■ **What is required**: Having located "Photo 7. Room, Rovsingsgade, København Ø", write out its line and the remaining lines of the material exactly, the last one included, but not the pictures.

■ **Dataset entries**:
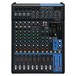 Yamaha MG12XU Analog Mixer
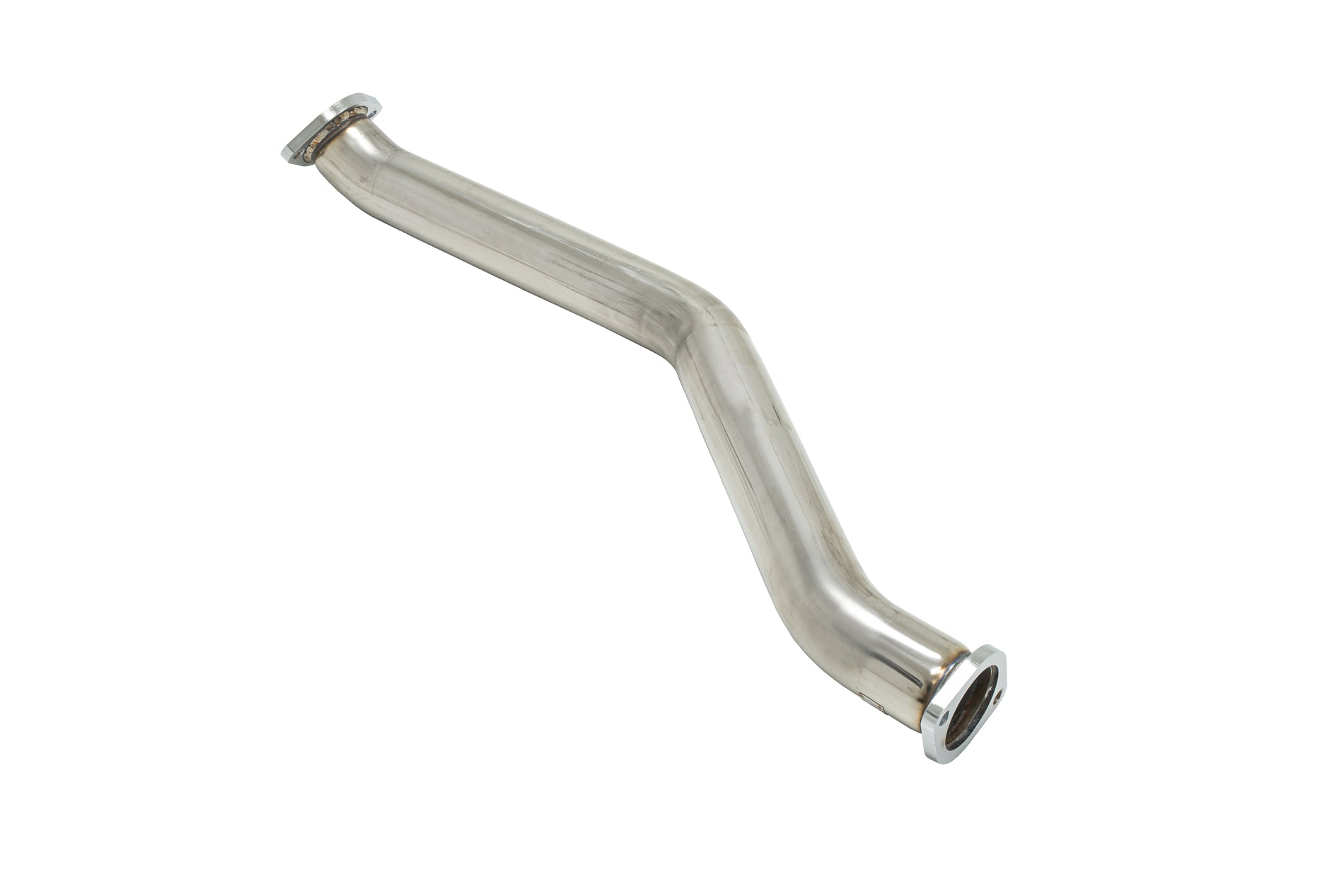 A'PEXi - GT Frontpipe - 1991-1996 Toyota Soarer / 1993-1998 Toyota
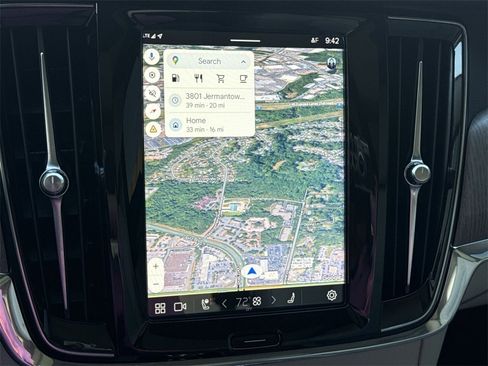 Used 2023 Volvo S90 B6 Ultimate image 20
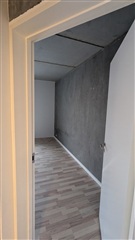 Photo 7. Room, Rovsingsgade, København Ø 
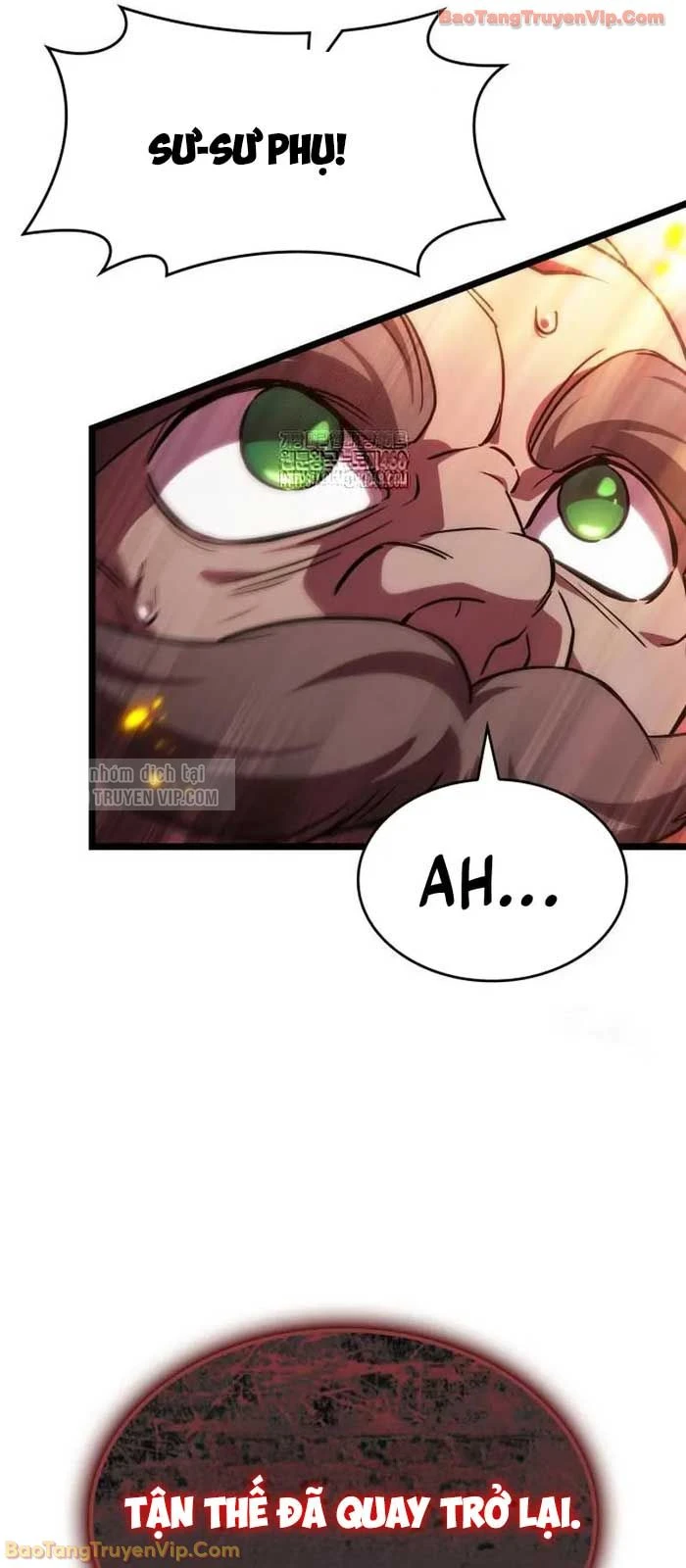 Thế Giới Sau Tận Thế Chapter 206 - 61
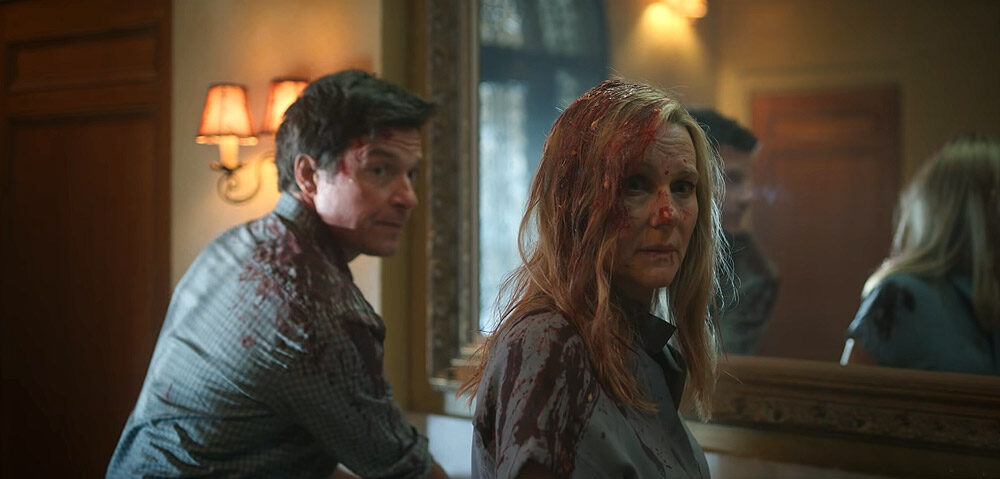 Πρώτο Trailer Από Την Τέταρτη Σεζόν Του "Ozark"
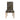 African Mudcloth Print Chair Covers: Stretchy and Removable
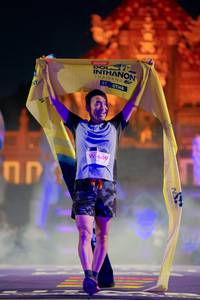 BIB: 649
                            <button type="button" onclick="openModal(22468118)" class="btn btn-primary btn-sm float-right btn-popup" data-toggle="modal" data-target=".modal-high-quality">
                        <i class="fas fa-shopping-cart"></i> Add to Cart
                    </button>
                                            <button type="button" onclick="isThisMe(22468118, true)" class="btn btn-success btn-sm float-right btn-popup btn-isme hidden" data-toggle="tooltip" data-placement="bottom" title="นี่คือรูปของคุณใช่ไหม คลิกที่นี่เพื่อเอาเข้าอัลบั้ม">
                        <i class="fas fa-plus"></i> Add to album
                    </button>
                    <button type="button" onclick="isThisMe(22468118, false)" class="btn btn-warning btn-sm float-right btn-popup btn-isnotme hidden">
                        <i class="fas fa-ban"></i> Remove from album
                    </button>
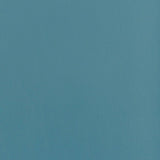 Sample of Nassimi Seaquest Sky PSQ-112ADF Marine Upholstery Fabric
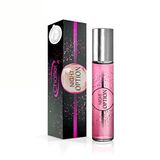 Chatler Eau de Parfum / 30 ml / Women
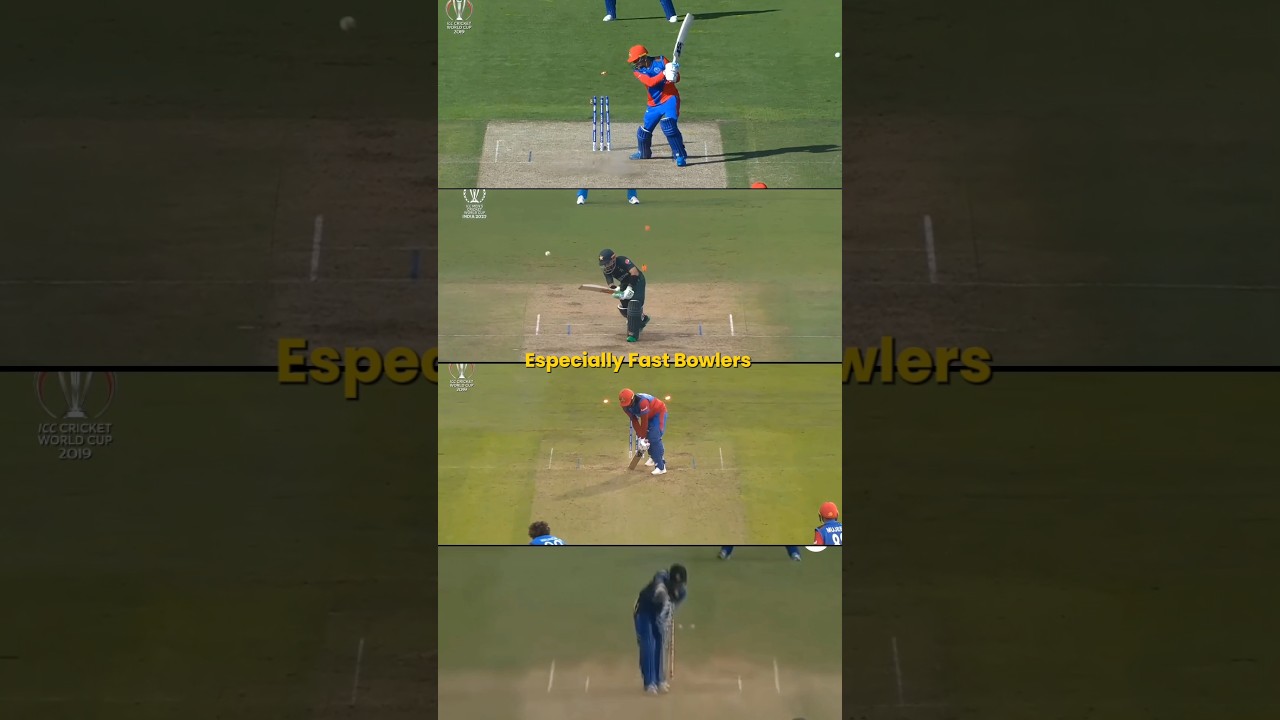 How Difficult Is Bowling In Cricket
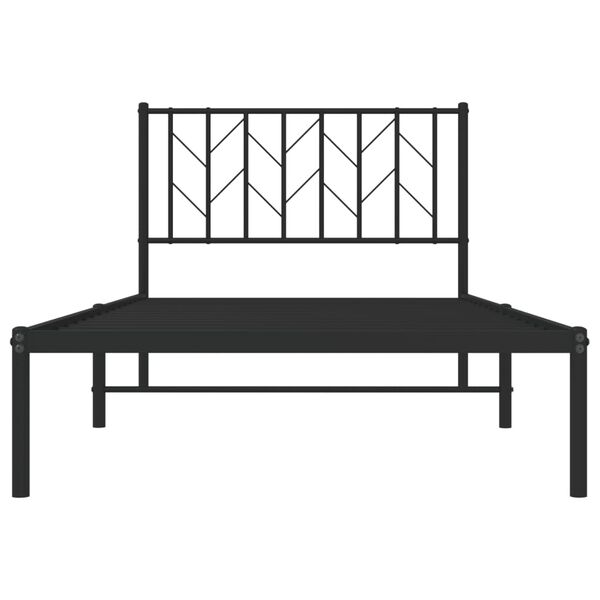 N&auml;ytet&auml;&auml;n tuotekuva 4 / 10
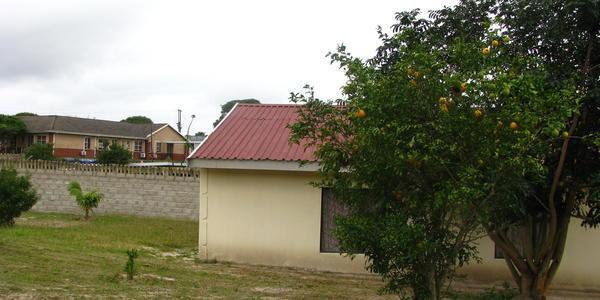 Shukihawu Lodge Mahlungulu Extérieur photo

■ **Solution below**:
 Photo 7. Room, Rovsingsgade, København Ø 
 Thế Giới Sau Tận Thế Chapter 206 - 61
 Πρώτο Trailer Από Την Τέταρτη Σεζόν Του "Ozark"
 African Mudcloth Print Chair Covers: Stretchy and Removable
 BIB: 649
                            <button type="button" onclick="openModal(22468118)" class="btn btn-primary btn-sm float-right btn-popup" data-toggle="modal" data-target=".modal-high-quality">
                        <i class="fas fa-shopping-cart"></i> Add to Cart
                    </button>
                                            <button type="button" onclick="isThisMe(22468118, true)" class="btn btn-success btn-sm float-right btn-popup btn-isme hidden" data-toggle="tooltip" data-placement="bottom" title="นี่คือรูปของคุณใช่ไหม คลิกที่นี่เพื่อเอาเข้าอัลบั้ม">
                        <i class="fas fa-plus"></i> Add to album
                    </button>
                    <button type="button" onclick="isThisMe(22468118, false)" class="btn btn-warning btn-sm float-right btn-popup btn-isnotme hidden">
                        <i class="fas fa-ban"></i> Remove from album
                    </button>
 Sample of Nassimi Seaquest Sky PSQ-112ADF Marine Upholstery Fabric
 Chatler Eau de Parfum / 30 ml / Women
 How Difficult Is Bowling In Cricket
 N&auml;ytet&auml;&auml;n tuotekuva 4 / 10
 Shukihawu Lodge Mahlungulu Extérieur photo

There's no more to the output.